# just uploaded my pictures 12 angels 5 tangs 2 triggers



## darrelljonesdc (Jan 12, 2009)

Just joined the forum wanted to show you guys my collection.


----------



## Cody (Dec 22, 2007)

I don't see any pictures. Try out imageshack, photobucket, etc, or the FF uploading sticky.


----------



## darrelljonesdc (Jan 12, 2009)

you have to search my profile..


----------



## Twistersmom (Dec 9, 2008)

Beautiful fish!! Your rock setup looks so nice!


----------



## Kellsindell (Sep 15, 2008)

Very beautiful fish, i saw a guy who had a tank setup with as many as you do, perhaps a bit less... but his tank was a 700g.

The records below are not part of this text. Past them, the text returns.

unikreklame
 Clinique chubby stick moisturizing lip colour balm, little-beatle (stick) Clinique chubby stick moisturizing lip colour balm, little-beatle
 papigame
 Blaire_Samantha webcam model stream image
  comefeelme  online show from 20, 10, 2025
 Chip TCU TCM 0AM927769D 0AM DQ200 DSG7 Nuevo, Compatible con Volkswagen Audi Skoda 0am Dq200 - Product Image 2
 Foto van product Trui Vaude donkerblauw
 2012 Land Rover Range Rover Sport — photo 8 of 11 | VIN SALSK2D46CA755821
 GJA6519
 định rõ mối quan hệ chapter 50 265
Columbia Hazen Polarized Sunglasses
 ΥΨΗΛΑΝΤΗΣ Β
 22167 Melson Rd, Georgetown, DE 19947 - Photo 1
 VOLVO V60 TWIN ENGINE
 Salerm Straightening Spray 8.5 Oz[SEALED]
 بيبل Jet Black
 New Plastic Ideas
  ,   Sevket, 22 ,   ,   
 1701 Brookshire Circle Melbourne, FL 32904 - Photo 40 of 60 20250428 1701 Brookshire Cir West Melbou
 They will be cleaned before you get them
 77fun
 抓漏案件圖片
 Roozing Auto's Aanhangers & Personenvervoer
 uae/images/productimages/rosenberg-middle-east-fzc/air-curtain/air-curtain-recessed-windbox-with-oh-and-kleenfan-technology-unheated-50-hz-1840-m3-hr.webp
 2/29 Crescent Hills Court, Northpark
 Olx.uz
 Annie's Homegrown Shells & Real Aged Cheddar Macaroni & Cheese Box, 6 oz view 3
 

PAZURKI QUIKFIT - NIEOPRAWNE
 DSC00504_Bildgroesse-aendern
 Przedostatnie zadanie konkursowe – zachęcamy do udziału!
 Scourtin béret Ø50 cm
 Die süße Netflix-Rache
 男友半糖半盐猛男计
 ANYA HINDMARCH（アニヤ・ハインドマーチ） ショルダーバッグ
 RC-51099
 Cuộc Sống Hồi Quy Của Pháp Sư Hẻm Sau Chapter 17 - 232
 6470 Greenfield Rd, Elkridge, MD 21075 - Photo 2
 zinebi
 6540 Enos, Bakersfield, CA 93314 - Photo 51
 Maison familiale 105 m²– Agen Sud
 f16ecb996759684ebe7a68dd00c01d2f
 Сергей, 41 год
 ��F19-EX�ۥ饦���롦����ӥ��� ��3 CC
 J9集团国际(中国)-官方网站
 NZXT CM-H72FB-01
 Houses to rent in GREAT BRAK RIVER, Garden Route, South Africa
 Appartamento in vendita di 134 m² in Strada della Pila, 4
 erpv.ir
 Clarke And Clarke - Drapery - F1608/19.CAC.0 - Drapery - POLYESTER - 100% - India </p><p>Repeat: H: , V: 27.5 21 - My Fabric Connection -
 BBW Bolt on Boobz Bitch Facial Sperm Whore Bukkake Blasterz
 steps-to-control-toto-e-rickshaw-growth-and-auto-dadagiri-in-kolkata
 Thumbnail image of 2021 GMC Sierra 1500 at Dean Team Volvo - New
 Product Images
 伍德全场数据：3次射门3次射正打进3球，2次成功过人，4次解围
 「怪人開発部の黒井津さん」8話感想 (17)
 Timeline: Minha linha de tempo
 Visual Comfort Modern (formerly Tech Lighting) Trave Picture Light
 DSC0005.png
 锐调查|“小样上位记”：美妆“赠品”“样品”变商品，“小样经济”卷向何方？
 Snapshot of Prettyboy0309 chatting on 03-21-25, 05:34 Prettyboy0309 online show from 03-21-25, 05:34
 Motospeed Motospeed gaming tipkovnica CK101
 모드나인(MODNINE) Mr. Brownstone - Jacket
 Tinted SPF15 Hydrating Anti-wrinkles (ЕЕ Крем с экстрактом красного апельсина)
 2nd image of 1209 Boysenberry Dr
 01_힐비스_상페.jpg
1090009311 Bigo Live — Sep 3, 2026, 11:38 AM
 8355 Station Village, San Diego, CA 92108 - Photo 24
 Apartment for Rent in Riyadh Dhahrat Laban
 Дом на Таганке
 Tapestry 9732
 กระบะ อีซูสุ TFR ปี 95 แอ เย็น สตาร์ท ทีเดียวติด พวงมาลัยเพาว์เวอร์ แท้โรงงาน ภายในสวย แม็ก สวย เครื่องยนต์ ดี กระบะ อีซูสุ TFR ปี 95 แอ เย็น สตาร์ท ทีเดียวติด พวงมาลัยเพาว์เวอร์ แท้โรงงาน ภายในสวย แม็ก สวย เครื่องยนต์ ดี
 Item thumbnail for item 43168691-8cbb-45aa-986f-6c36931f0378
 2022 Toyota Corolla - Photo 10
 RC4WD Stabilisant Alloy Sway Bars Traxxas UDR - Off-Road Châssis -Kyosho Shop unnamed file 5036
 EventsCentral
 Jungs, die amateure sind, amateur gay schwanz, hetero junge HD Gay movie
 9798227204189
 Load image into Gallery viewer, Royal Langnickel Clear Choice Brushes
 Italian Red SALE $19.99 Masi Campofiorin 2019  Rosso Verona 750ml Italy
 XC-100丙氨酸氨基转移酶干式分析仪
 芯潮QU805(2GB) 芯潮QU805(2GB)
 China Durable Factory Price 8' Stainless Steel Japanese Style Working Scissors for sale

It's cluttered to me.


----------



## onefish2fish (Jul 22, 2008)

Kellsindell said:


> Very beautiful fish, i saw a guy who had a tank setup with as many as you do, perhaps a bit less... but his tank was a 700g. It's cluttered to me.


 
i would say overstocked more then "cluttered" 
that is just a massive bioload going on even with a huge quality skimmer


----------



## Kellsindell (Sep 15, 2008)

It's cluttered, i like my fish to be able to swim as quickly as they want or need


----------



## veganchick (Jan 10, 2009)

very pretty, but it looks a bit crowded..... The fish need some room to swim, I would say only keep half the fish


----------



## Cody (Dec 22, 2007)

Your fish look like they are in very good health. But it does seem overstocked to me as well, and the fish aren't even full grown yet..


----------



## Sucidemonkey (Dec 28, 2008)

great tank, I envy you!


----------